# 78 K - Decent Salary



## AM (May 29, 2013)

Is 78 K a decent salary for a couple to live in Singapore ? Wife has the potential to get a job as well


----------



## beppi (Jun 10, 2013)

As always, it depends on what you define as decent.
Your offer is similar to the average income of a two-person household in Singapore, but you'll not be able to afford a car, maid and/or luxury apartment.


----------



## AM (May 29, 2013)

A decent upper middle class type living. Maid is ok. Car may be a bit later. not now. Also Car not immediately


----------



## simonsays (Feb 11, 2009)

AM said:


> A decent upper middle class type living. Maid is ok. Car may be a bit later. not now. Also Car not immediately


If you say a car is NEVER, and ok to live in a decent flat, minus swimming pool/gym etc, it is good

If you say otherwise, NOPE, it's not enough

As for how to get a job ? mmmm

You can read up on the past successes I guess


----------



## AM (May 29, 2013)

Thank you Simon. I am considering to take the offer.


----------



## marc.favroo (Jul 25, 2015)

Guys, I have a similar 'problem'... if I am earning around 80k SGD, how much do I expect to pay in tax? Also, when I was in Singapore 3 years ago on holiday I noticed food in groceries store is quite expensive - especially cheese, eggs and milk? Would you say it is cheap to buy food from shops and cook at home, or it makes sense to eat at hawker centres all the time?


----------



## BBCWatcher (Dec 28, 2012)

IRAS publishes a simple tax calculator here. It's the very first link.
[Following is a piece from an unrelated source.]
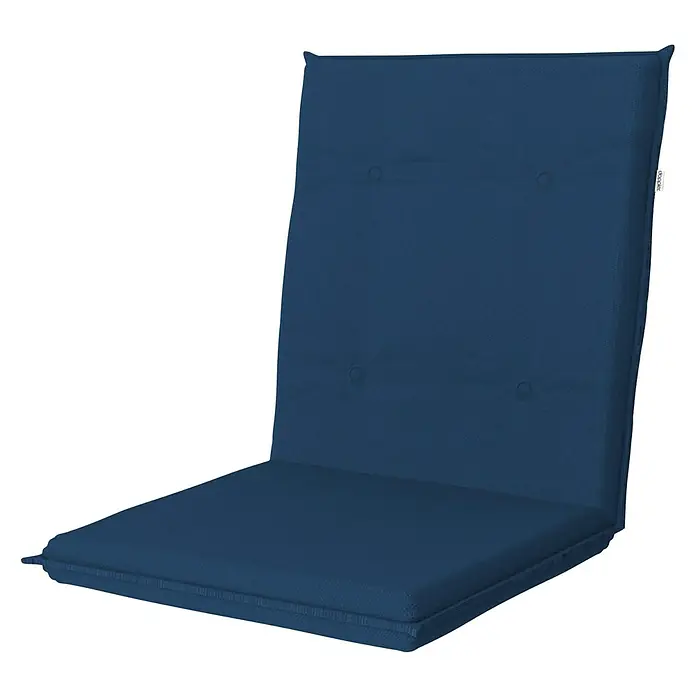 Doppler Gartenmöbel-Auflage - Niederlehner, Dunkelblau, L x B x H: 100 x 48 x 6 cm, Baumwoll-Polyester-Mischgewebe - Blaues Stuhlkissen mit Rückenlehne und Knöpfen für zusätzlichen Komfort. Ideal für Gartenmöbel und Sitzgelegenheiten im Freien.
As with any place you live if you try to import an "alien" diet you will pay more. There aren't many dairy cows and chickens in Singapore, though I don't find dairy products and eggs (especially) to be _particularly_ expensive. For example, boxed UHT milk is routinely S$2.95 per pair -- about S$1.50 per liter -- at FairPrice these days, and I'd say that's not bad. Eggs are about S$0.20 each. Cheese starts about S$18 per kilo and goes up from there. Hawker markets aren't serving milk and cheese very often (eggs yes), so there is no real comparison.


----------



## juyyo (Aug 19, 2015)

is it monthly or annual package? if annual -> it is reasonably average.


----------